* [TASK DESCRIPTION]:
Up to and including the line with "113 W Bayridge Drive, Weston, FL 33326", restate every line of the records below word for word, from the first line on, leaving out the pictures.
-- AVAILABLE DATA follows --
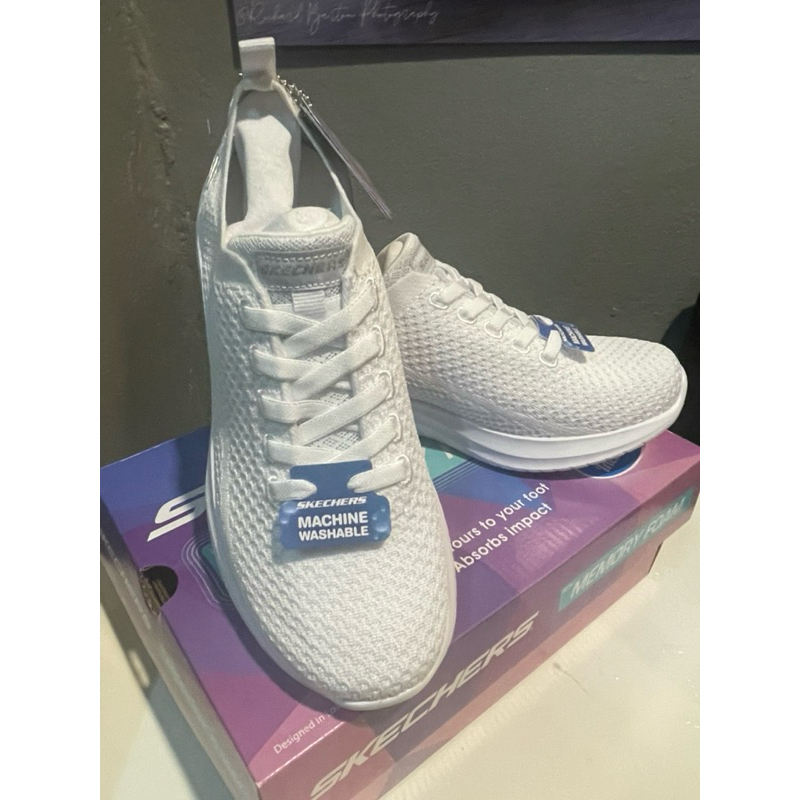 รองเท้าผ้าใบ SKECHERS SKECHERS ZINERGY - LYONA - White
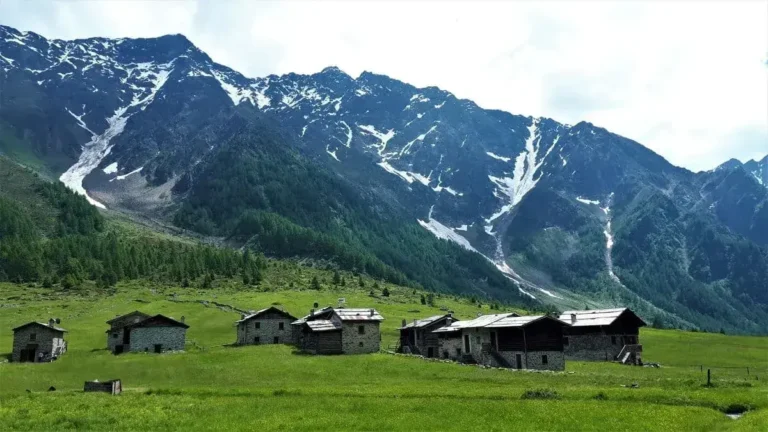 Dorf im Val di Rezzalo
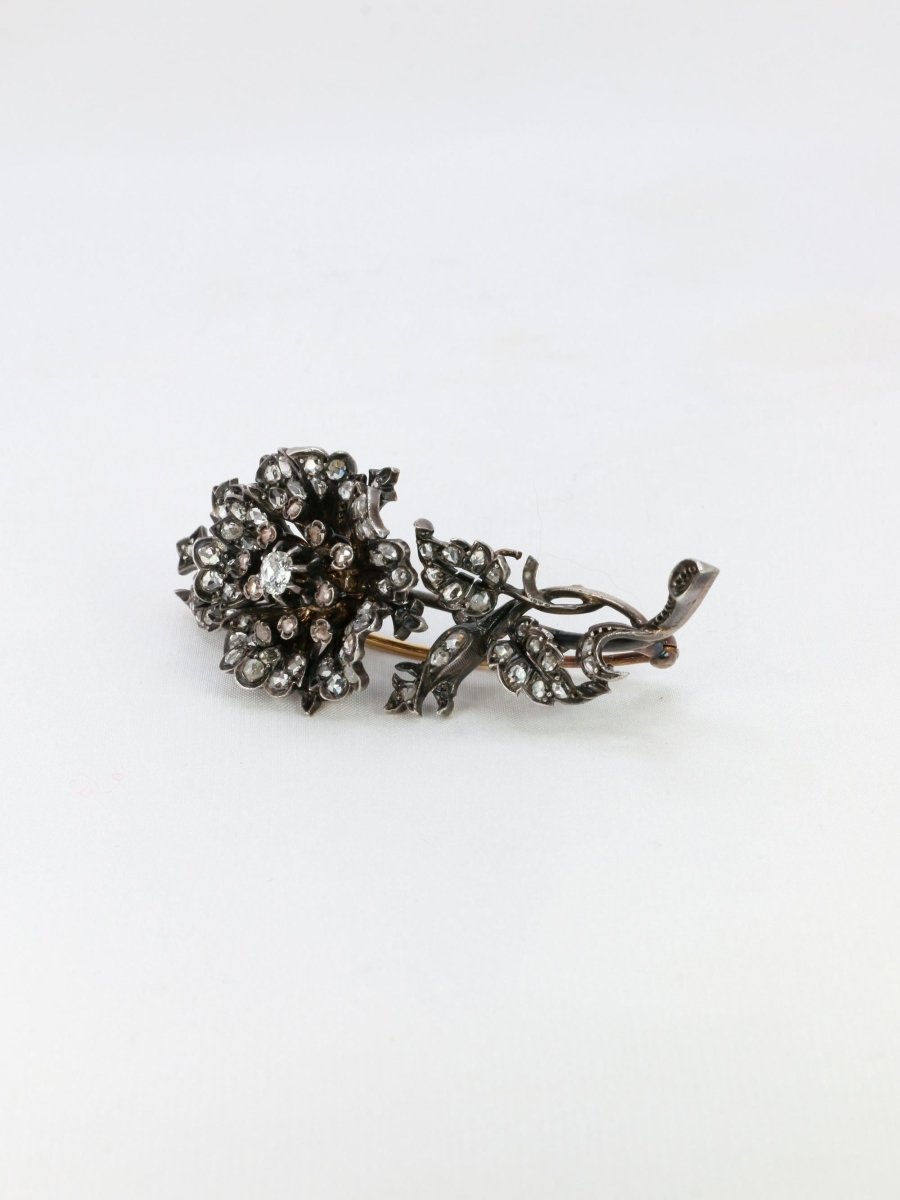 Broche trembleuse or argent diamants taille ancienne - Castafiore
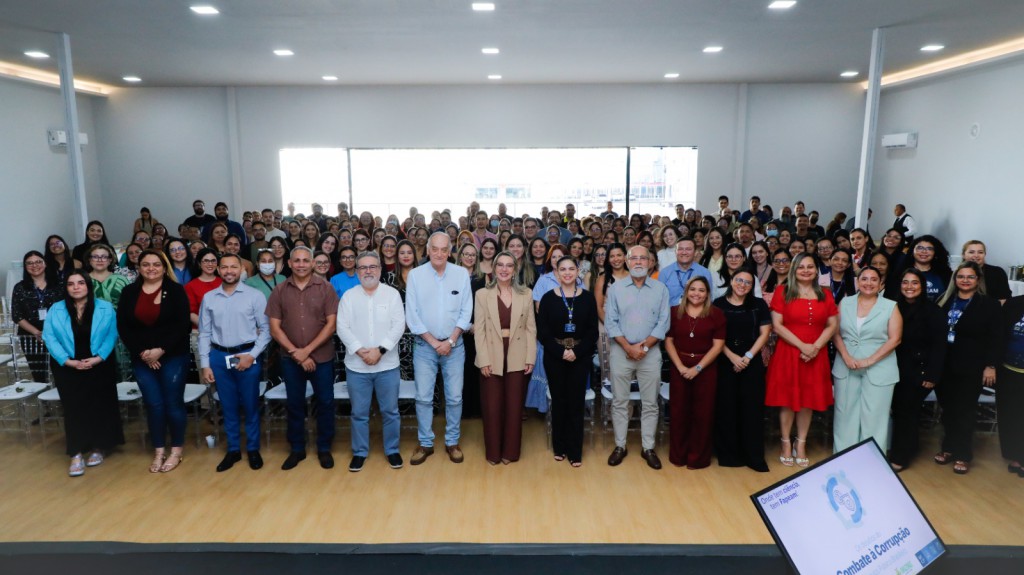 FAPEAM-Fapeam promove debate sobre combate à corrupção Fotos Ayrton Lopes (2)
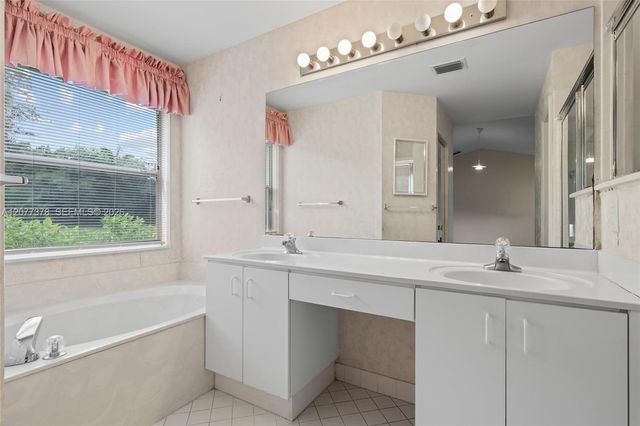 113 W Bayridge Drive, Weston, FL 33326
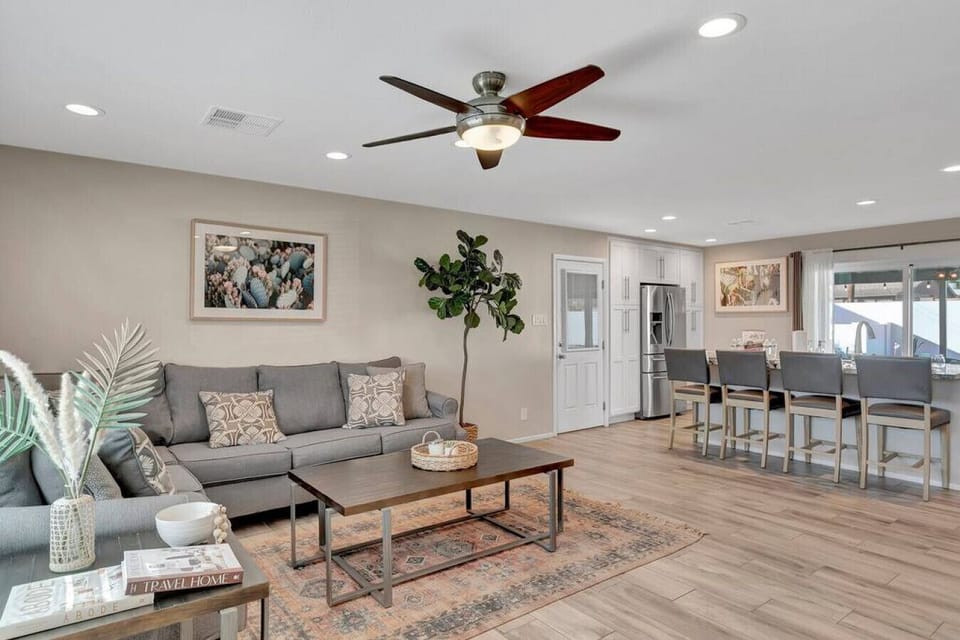 Open layout - Living area and kitchen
-- AVAILABLE DATA concluded --
* [TASK SOLUTION]:
 รองเท้าผ้าใบ SKECHERS SKECHERS ZINERGY - LYONA - White
 Dorf im Val di Rezzalo
 Broche trembleuse or argent diamants taille ancienne - Castafiore
 FAPEAM-Fapeam promove debate sobre combate à corrupção Fotos Ayrton Lopes (2)
 113 W Bayridge Drive, Weston, FL 33326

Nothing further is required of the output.